Merry Christmas from Antarctica!
This post goes out to all of my family, I hope you have a great day and that you have a cardboard cut out of me at the table, which I think is a totally reasonable request. I always quite liked the simple things around Christmas, like my mum usually makes me tandoori chicken so I’m looking forward to that when I’m back!
I hope everyone has a lovely christmas and I look forward to seeing everyone when im back. Thats all for tonight.
Hi Everyone. Still making my way through the Sastrugi. Visibility was good which is helpful. Its going slow through this section, around 30mph winds today. It’s also getting colder which means I dont stop for as long on the breaks. I’m feeling ok, a bit tired.
I would like to dedicate this post to Nics Wetherill who is an Army Doctor and has helped me with all of the medical planning for this expedition. Thank you so much for all of your help.
I’m doing well so far, obviously I’ve got a cough which you can hear. But I’ve had that since the beginning pretty much. I’m a bit tired but I’m getting closer to the south pole so I am looking forward to that. I hope everybody’s enjoying listening to these voice messages.
Hi Everyone on day 30. This morning was really tough, it was a whiteout, I’m still in the section with a lot of Sastrugi. I fell a few times (nothing serious) and I had to use my arms to pull the pulk out from the deep Sastrugi areas. They can get to a few meters high so when its a whiteout and you cant see you’re stepping very carefully.
I’m still making good progress though, I’m feeling tired by that’s to be expected and I’m still thinking about that coke zero at the end.

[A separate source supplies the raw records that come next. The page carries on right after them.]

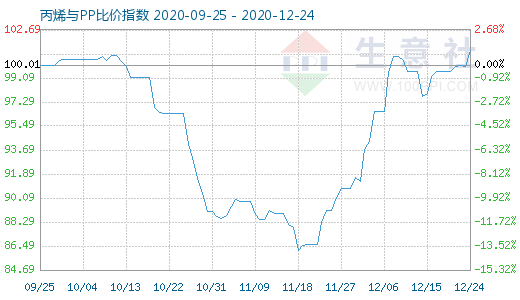 12月24日丙烯與PP比價指數(shù)圖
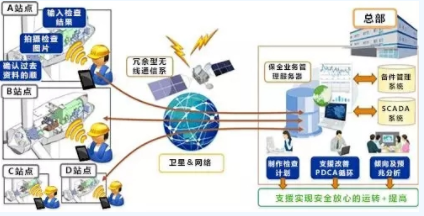 黑科技丨能提前預測故障！風電維護技術(shù)厲害了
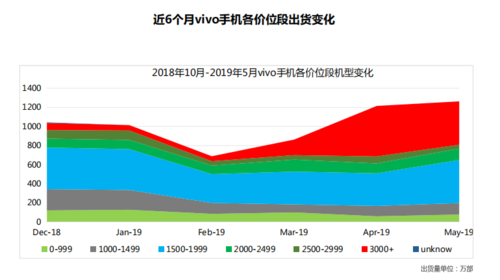 vivo收入（vivo收入2022）-图2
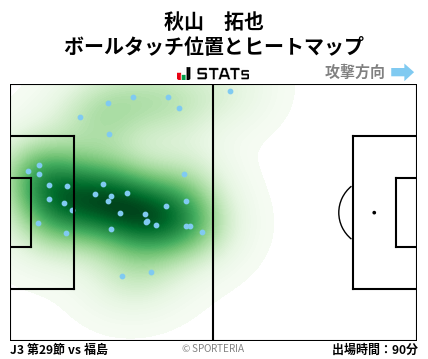 ヒートマップ - 秋山　拓也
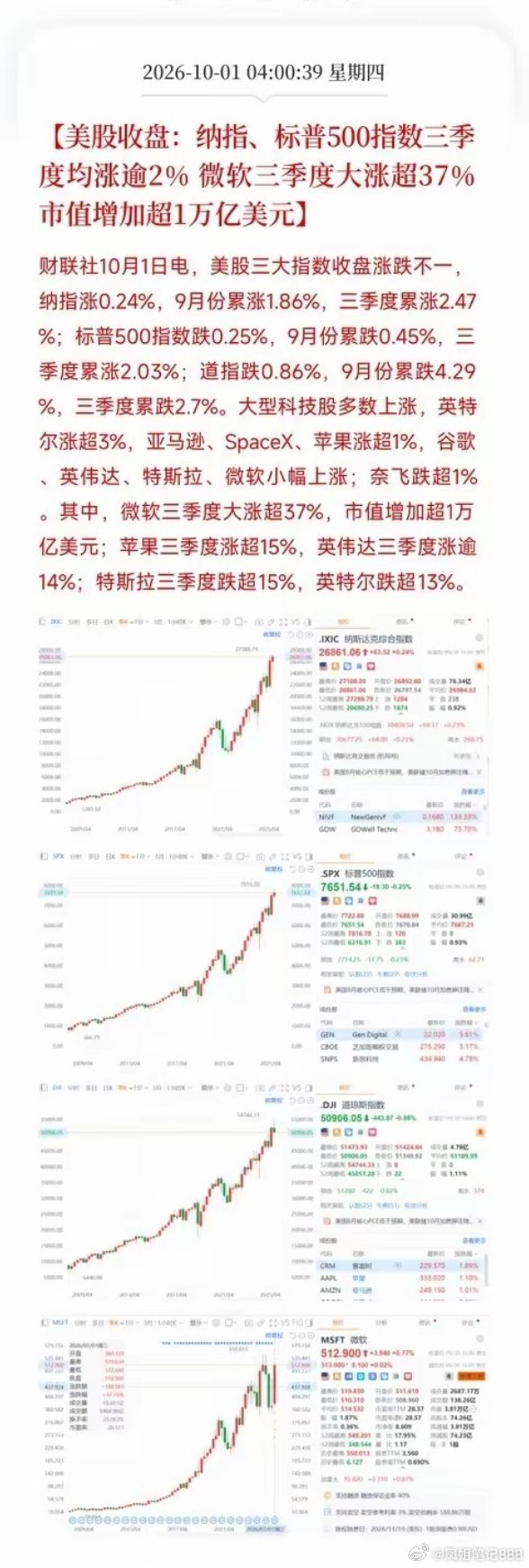 凌晨4点美股收盘，三条消息撞在一起！

​一条，是美光科技第四季度经调整营收542.3亿美元，同比增长379%，预估514.9亿；调整后运营收益446.4亿美元，毛利率87%，调整后每股收益33.42美元。公司预计第一季度营收600亿至630亿美元，调整后每股收益37.15至39.15美元。

​另一条，是美股三季度收官：纳指 ​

Every 10 days I’m celebrating something as I open up a new bag and today I am celebrating my engagement! I got engaged a few weeks before leaving the UK! It has been such a whirlwind that I didn’t get to celebrate. And on that note, this blog goes out to my partner, David who has been waking up every morning in the early hours every morning for my check-in call while on this expedition. Dave is quite simply my rock.